Sometimes there is a time delay between increasing interest rates and affecting house prices.
For example, in the UK, interest rates rose 5 times since August 2007. However it is only now in 2008 that people are having to remortgage fixed rate deals. Therefore, people on a fixed rate mortgage deal are seeing the cost of mortgages increase significantly.

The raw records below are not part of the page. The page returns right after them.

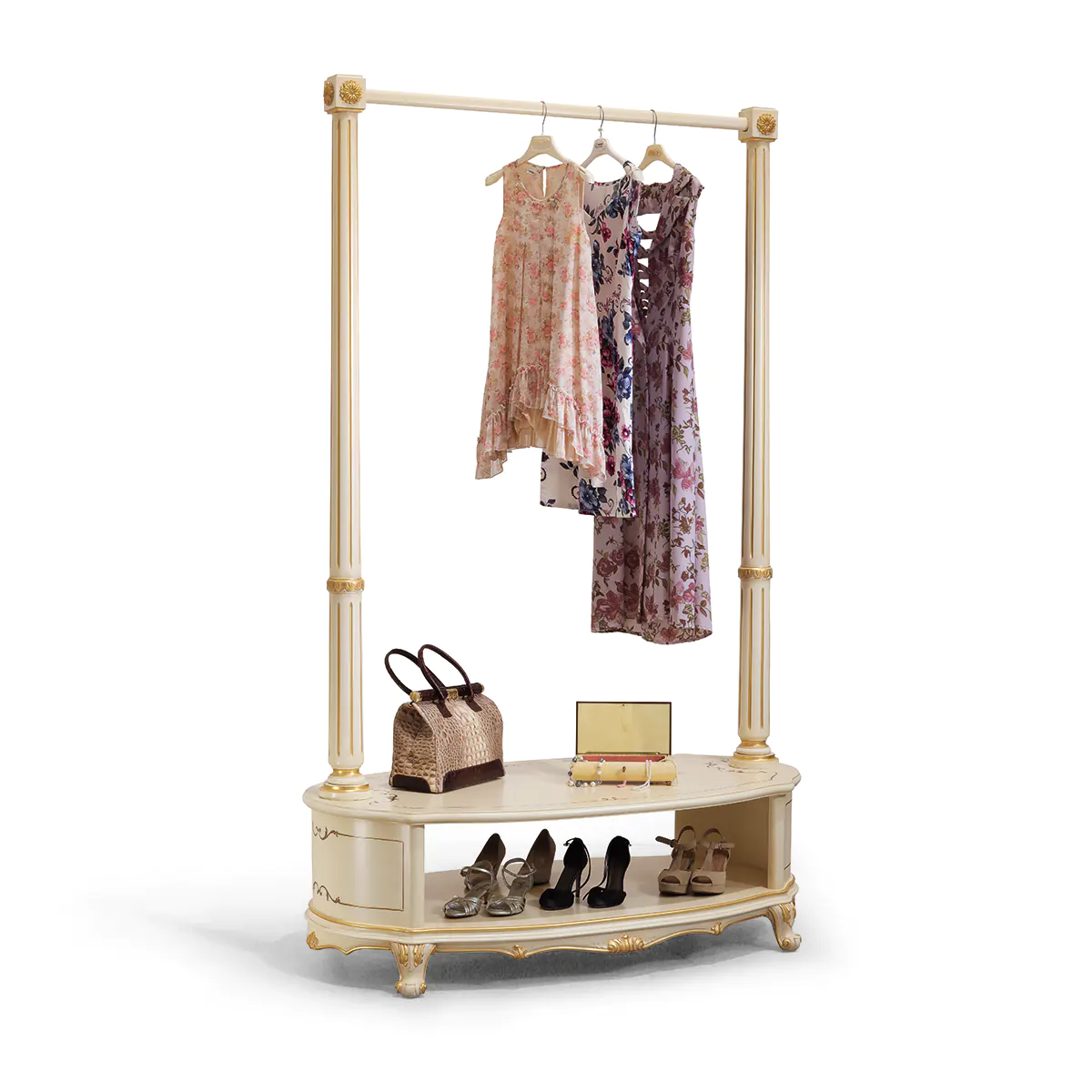 LOUVRE coat rack thumbnail EN Louvre coat rack in carved wood with gold details, luxury Italian craftsmanship.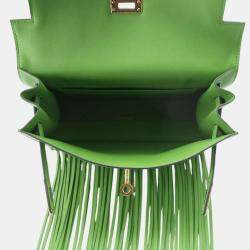 Hermes Vert Yucca Swift Leather Kelly Danse II Anate Fringe Shoulder Bags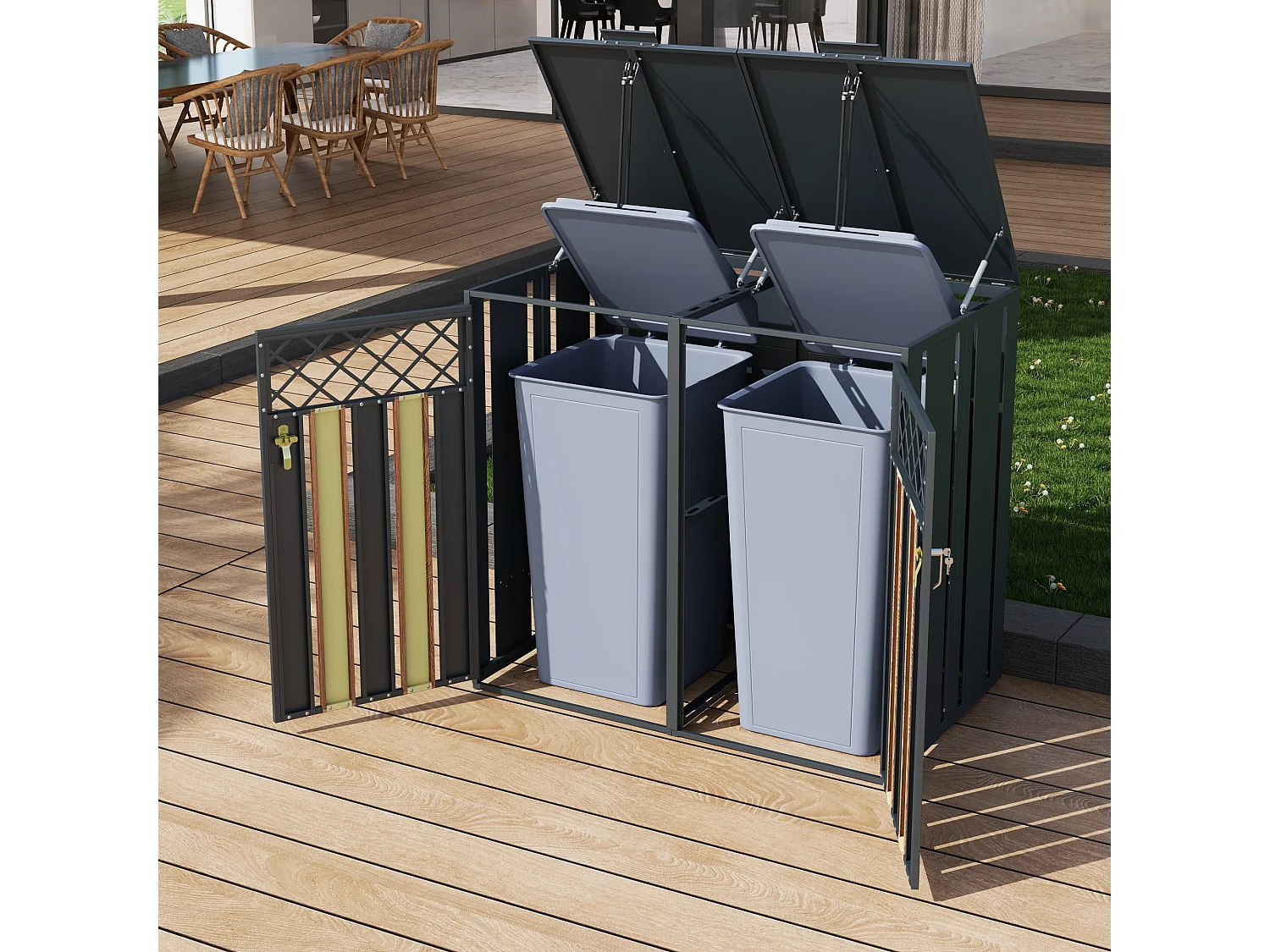 Abri pour 2 poubelles de jardin - 132 x 80 x 118.5 cm - avec couvercle à charnières + verrouillable + 2 portes - métal - gris + naturel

Even a small change in UK interest rates can have a big effect on prices. This is because mortgage payments are a high % of people’s income
Lower economic Growth.
A slowdown in UK economic growth would reduce demand for buying a house. If people fear they could be made unemployed, this will act as a disincentive to buying.
Confidence / Speculation
Most people buy a house to live, but, some buy to let investors are looking for medium term capital gains. Therefore, if they think the market has peaked, they will look to sell their houses and cash in on their capital gains.
Prices Overvalued.
Related to the last idea is the basic economic concept of supply and demand. If house prices are overvalued then the supply and demand of houses will cause prices to return to an equilibrium level.
Increased Supply.
Many people bought property in Bulgaria hoping that property in Eastern Europe offered a good opportunity for capital gains. However, the increase in supply has caused prices to fall in some instances.
Difficulty in Getting Mortgages
The American sub prime mortgage crisis has precipitated a fall in the availability of credit. Therefore, banks are more cautious about lending mortgages, especially in the sub prime sector. This means the number of home buyers will decrease.